- What this task involves:
Reproduce the listing below exactly. Pictures do not belong in the copy.

BEGIN

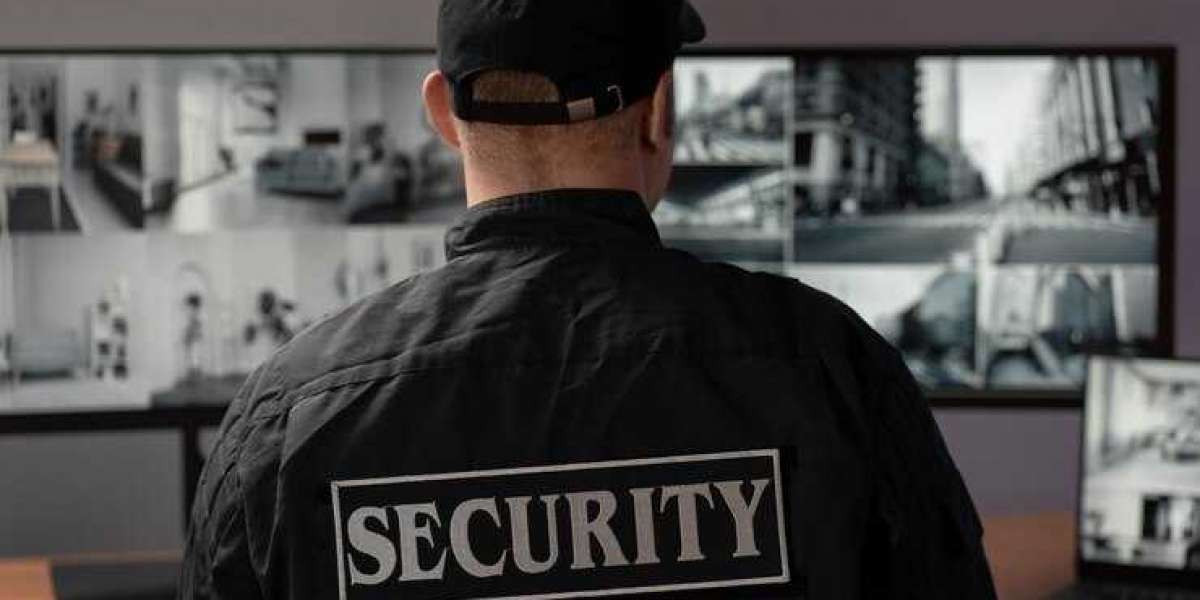 How to Evaluate the Best Security Company for Your Dubai Property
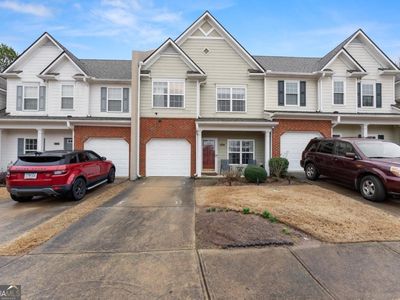 2427 Millbank Ct, Lawrenceville, GA, 30043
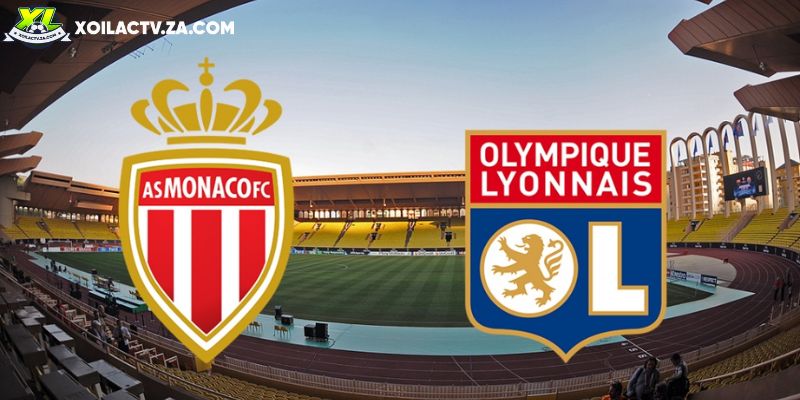 Soi kèo AS Monaco vs Lyon, 23h ngày 03/01 – Ligue 1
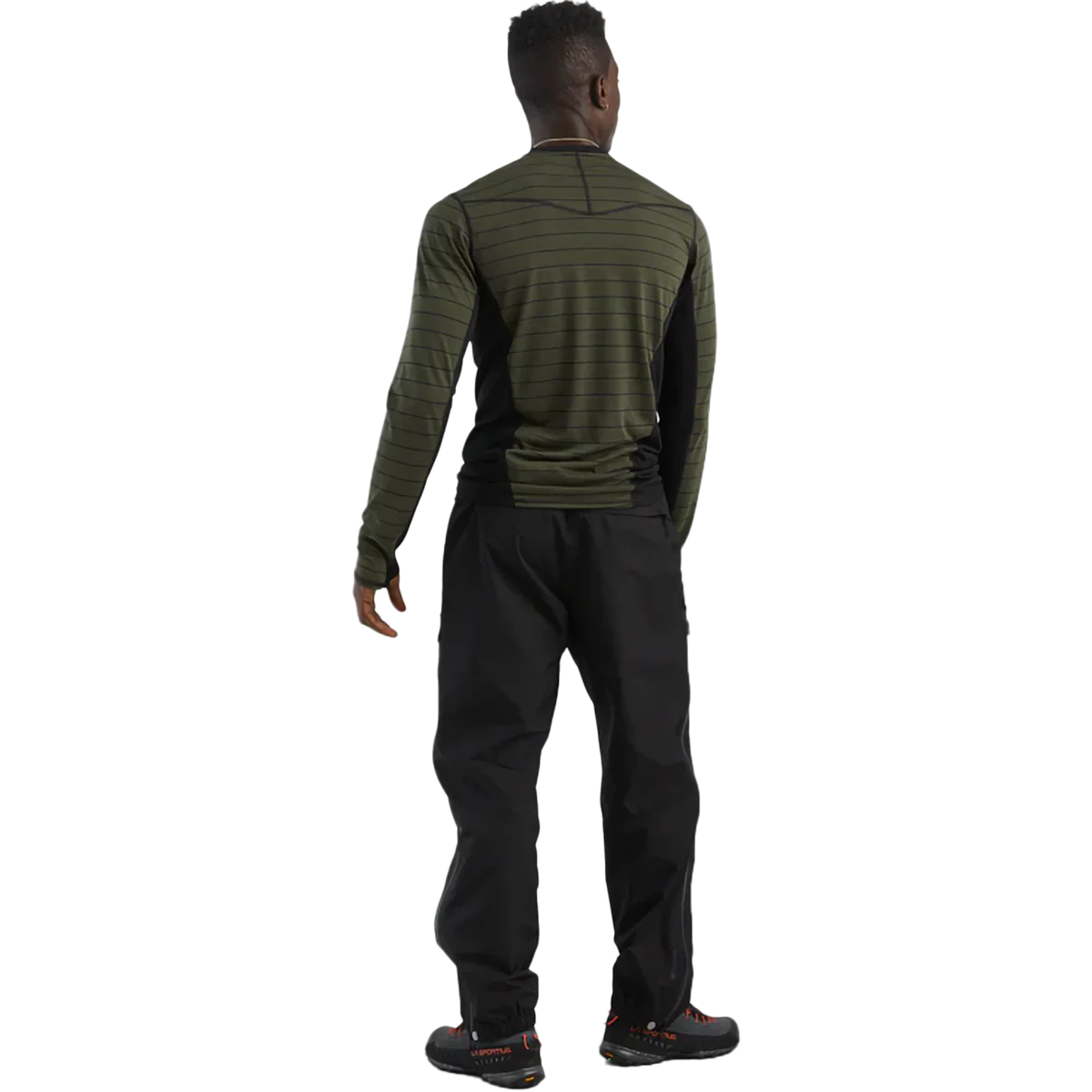 Men's Foray Pants - Image 4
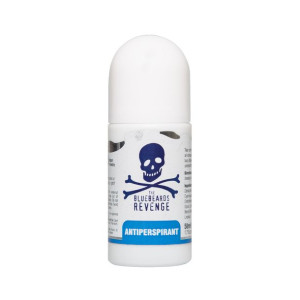 Antyperspirant Roll-on Bluebeards Revenge 50ml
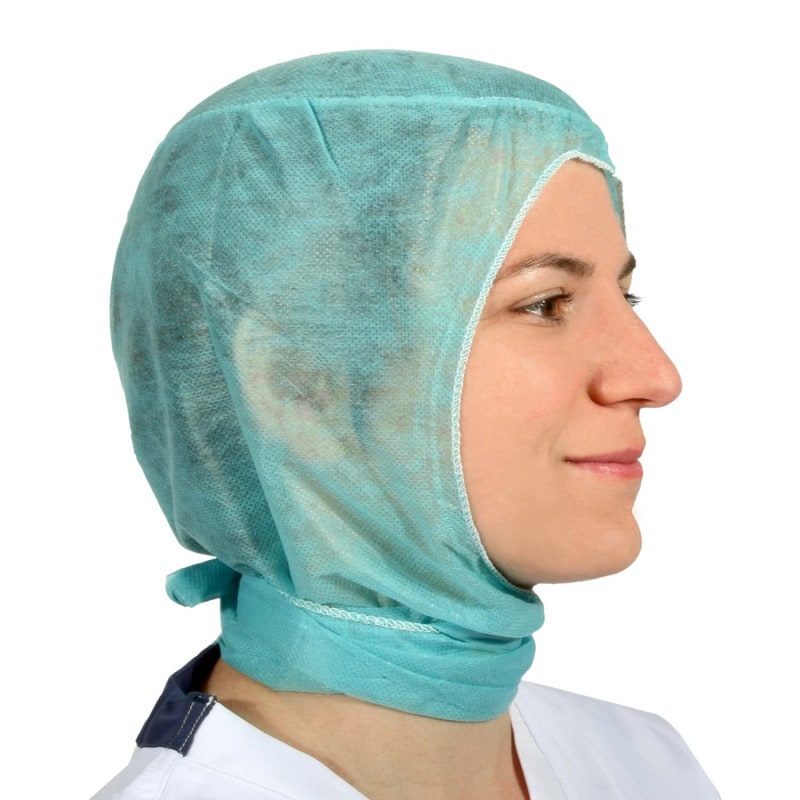 Surgical Hood Medvana UK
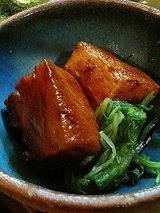 ラフティ(角煮)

END

- Response to this exercise:
 How to Evaluate the Best Security Company for Your Dubai Property
 2427 Millbank Ct, Lawrenceville, GA, 30043
 Soi kèo AS Monaco vs Lyon, 23h ngày 03/01 – Ligue 1
 Men's Foray Pants - Image 4
 Antyperspirant Roll-on Bluebeards Revenge 50ml
 Surgical Hood Medvana UK
 ラフティ(角煮)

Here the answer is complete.